Extraction Rules and Template

The extraction templates allows to define custom extraction rules for parsing data from HTML, XML and JSON documents and generate structured JSON output. In other words, using JSON definition we can tell the API where to find data, how to extract it and format it.

This tool is a great service for developers who are familiar with data parsing tools like CSS selectors, XPath or JMESPath as it provides full control over the extraction but still saves a lot of time by handling the most complex parts of data parsing.

Key Features:

  • Customizable Rules: Define your own extraction rules to tailor data extraction according to your needs.
  • Versatile Data Sources: Extract data from various content types including HTML, JSON, and XML.
  • Structured Output: Retrieve well-structured data in JSON format, making it easier to process and analyze.

Template Specification

Structure of the extraction template
Schema object
  • source string

    The source of the expected data, either 'html' or 'json'.

    Default Value: html
  • name string

    Name of the template - only used for persistent templates.

    Default Value: ephemeral
  • version string

    The version of the document - only used for persistent templates.

    Default Value: @latest
  • match object

    Match the template for the given URL.

    • domain string

      Match against the current domain

    • path string

      Match against the current path

  • selectors array
    Items object
    • name string

      The name of the data field to extract.

    • type string

      The type of selector to use.

    • options object

      selector options

    • cast string

      Cast the value in the given type.

    • multiple boolean

      When multiple is true, capture all matched content.

    • query string

      The query string for the selector.

    • formatters array
      Items object
      • name string

        The type of formatter to apply.

      • args object

        Optional arguments for the formatter.

    • extractor object
      • name string

        The extractor to apply - Extractor are executed before formatters.

      • args object

        Optional arguments for the extractor.

    • nested array

      Nested selectors for each item in the list.

      Items #/properties/selectors/items (Recursion)
JSON schema Validation
To learn about JSON schema

Template Example and Output

This example template will extract various data to illustrate all available features from the playground website https://web-scraping.dev/product/1

Extraction Template
Extracted Data

Usage

  1. Prepare your content

    For the examples below we will use HTML data from https://web-scraping.dev/product/1. To follow along save its contents to the current directory under product.html

  2. Create your extraction template

    The template consists of 2 primary root keys: source which indicates parsed content type (usually html) and selectors which is an array defining all of the extraction instructions.
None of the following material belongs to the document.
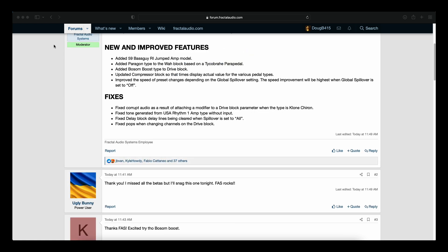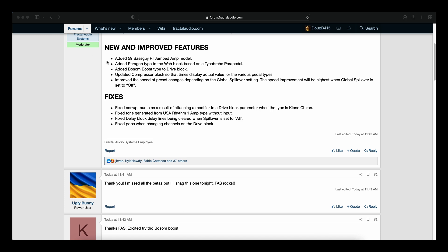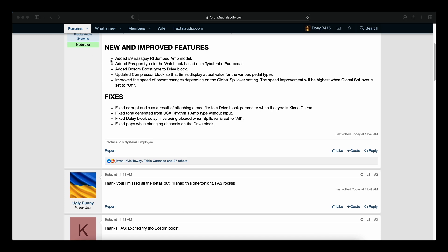Now just in case you missed it in the betas, here's the new and improved features and the fixes. Added the 59 Bass Guy reissued jumped amp model. Added the paragon type to the wah block based on a Tycho Brahe parapetal. Added the bosom boost to the drive block.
Here's an example:

    Then we will send this template in base64 format. To send base64 url-encoded data, you can take a look on our base64 tool

  3. Call the API

    Call the extraction endpoint with extraction_template parameter set to the base64 encoded template with ephemeral: prefix:

    Command Explanation

    This command uses curl to send a POST request to an API endpoint with specified headers and data.

    Components
    • curl -X POST:
      • curl is a command-line tool for transferring data with URLs.
      • -X POST specifies the HTTP method to be used, which is POST in this case.
    • -H "content-type: text/html":
      • -H is used to specify an HTTP header for the request.
      • "content-type: text/html" sets the Content-Type header to text/html, indicating that the data being sent is HTML.
    • URL:
      • The URL of the API endpoint being accessed, including query parameters for authentication and specifying the target URL and extraction template.
      • key : An API key for authentication.
      • url : The URL of the web page to be scraped, URL-encoded.
      • extraction_template : A base64-encoded string representing the extraction template.
    • -d @product.html:
      • -d is used to specify the data to be sent in the POST request body.
      • @product.html indicates that the data should be read from a file named product.html.
  4. Retrieve the Results

    The API will return the extracted data in JSON format. For example:

Web Scraping API

Consult the full documentation about extraction with the Web Scraping API

When using extraction through the Web Scraping API, you will scrape the content, and then extract the data from it:

require "uri"
require "net/http"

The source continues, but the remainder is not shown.